# WHAT THE EXERCISE ASKS:
Answer with the exact lines of the following material from the one containing "Handmade Pearl Bridal" through the one containing "Idéer för små", both end lines included.
===============
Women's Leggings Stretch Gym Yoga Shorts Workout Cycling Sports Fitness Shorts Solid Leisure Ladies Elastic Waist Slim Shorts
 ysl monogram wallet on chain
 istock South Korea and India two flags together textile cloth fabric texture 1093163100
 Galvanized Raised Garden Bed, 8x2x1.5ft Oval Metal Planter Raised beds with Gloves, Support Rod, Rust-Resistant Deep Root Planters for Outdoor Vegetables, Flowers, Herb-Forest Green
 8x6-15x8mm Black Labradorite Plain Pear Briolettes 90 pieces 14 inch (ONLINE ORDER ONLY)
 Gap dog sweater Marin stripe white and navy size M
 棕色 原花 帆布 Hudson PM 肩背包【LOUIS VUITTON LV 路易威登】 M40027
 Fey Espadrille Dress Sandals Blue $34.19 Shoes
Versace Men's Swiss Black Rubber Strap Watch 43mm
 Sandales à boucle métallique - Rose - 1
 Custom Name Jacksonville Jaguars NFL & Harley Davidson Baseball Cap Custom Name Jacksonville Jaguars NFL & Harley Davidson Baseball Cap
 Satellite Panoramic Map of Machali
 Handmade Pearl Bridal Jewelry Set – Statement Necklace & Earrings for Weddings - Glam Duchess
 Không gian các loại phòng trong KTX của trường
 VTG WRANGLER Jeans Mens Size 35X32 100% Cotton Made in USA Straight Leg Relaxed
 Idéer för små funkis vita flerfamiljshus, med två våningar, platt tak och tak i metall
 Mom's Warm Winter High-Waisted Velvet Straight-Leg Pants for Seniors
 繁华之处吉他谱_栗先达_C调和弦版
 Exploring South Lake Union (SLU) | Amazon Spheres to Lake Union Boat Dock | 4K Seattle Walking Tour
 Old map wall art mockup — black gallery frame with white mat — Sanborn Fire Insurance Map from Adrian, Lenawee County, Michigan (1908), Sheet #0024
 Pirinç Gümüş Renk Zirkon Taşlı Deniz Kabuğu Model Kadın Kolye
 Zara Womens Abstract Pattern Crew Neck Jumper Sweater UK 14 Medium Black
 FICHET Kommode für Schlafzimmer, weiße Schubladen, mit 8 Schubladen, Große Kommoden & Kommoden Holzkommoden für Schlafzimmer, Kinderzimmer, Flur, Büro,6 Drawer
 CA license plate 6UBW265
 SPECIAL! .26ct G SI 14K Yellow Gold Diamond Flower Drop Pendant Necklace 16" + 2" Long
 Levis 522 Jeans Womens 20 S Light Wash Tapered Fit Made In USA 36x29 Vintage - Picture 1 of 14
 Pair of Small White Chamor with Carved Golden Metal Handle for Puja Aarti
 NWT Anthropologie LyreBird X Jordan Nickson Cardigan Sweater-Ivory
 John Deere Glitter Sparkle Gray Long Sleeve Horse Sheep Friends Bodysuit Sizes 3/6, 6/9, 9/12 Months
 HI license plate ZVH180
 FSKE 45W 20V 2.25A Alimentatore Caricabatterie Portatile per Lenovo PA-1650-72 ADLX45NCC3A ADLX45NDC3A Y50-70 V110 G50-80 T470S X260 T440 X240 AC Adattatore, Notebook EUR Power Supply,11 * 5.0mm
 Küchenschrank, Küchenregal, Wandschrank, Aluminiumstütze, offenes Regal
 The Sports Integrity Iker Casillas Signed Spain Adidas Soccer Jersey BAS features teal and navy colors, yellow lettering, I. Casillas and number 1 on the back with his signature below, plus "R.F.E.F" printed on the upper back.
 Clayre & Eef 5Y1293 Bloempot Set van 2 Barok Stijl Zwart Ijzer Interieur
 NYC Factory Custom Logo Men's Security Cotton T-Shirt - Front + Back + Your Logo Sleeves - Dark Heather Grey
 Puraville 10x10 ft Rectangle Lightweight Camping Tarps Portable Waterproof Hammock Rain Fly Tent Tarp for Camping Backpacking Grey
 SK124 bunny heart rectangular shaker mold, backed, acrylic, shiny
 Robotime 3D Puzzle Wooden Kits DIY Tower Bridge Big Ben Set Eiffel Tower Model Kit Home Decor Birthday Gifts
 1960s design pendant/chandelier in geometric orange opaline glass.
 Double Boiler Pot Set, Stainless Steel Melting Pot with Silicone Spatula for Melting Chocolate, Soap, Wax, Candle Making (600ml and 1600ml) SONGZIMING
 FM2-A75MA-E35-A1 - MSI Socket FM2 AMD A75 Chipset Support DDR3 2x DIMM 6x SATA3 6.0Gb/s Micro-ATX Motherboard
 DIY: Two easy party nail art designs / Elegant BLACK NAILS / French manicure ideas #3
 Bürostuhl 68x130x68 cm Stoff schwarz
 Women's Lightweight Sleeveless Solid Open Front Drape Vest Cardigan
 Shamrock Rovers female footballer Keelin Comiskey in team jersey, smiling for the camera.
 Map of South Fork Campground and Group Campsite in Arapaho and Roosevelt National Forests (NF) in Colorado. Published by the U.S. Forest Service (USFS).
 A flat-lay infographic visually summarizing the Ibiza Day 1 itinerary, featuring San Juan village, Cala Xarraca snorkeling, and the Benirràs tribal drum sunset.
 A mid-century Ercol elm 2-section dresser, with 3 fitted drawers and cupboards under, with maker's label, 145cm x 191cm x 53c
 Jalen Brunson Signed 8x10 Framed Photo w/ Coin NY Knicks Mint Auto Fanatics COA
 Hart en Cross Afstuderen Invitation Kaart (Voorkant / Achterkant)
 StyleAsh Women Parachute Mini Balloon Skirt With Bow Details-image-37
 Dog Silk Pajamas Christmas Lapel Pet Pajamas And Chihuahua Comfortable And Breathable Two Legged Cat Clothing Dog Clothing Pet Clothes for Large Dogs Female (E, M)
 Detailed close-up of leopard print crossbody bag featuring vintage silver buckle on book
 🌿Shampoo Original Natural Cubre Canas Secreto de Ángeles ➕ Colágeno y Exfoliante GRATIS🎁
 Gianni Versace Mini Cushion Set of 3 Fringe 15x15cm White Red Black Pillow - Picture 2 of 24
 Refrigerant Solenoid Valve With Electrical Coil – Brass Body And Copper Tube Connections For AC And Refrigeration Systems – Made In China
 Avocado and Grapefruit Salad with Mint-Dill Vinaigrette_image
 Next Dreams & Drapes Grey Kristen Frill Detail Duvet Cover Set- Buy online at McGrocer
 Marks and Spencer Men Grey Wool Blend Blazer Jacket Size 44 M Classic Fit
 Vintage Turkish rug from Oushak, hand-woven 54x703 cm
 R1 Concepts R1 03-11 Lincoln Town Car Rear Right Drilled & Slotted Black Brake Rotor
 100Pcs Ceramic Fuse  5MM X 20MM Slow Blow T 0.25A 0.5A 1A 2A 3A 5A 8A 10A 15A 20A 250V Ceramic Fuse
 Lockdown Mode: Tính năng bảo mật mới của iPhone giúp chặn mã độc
===============
# RESPONSE TO THE TASK:
 Handmade Pearl Bridal Jewelry Set – Statement Necklace & Earrings for Weddings - Glam Duchess
 Không gian các loại phòng trong KTX của trường
 VTG WRANGLER Jeans Mens Size 35X32 100% Cotton Made in USA Straight Leg Relaxed
 Idéer för små funkis vita flerfamiljshus, med två våningar, platt tak och tak i metall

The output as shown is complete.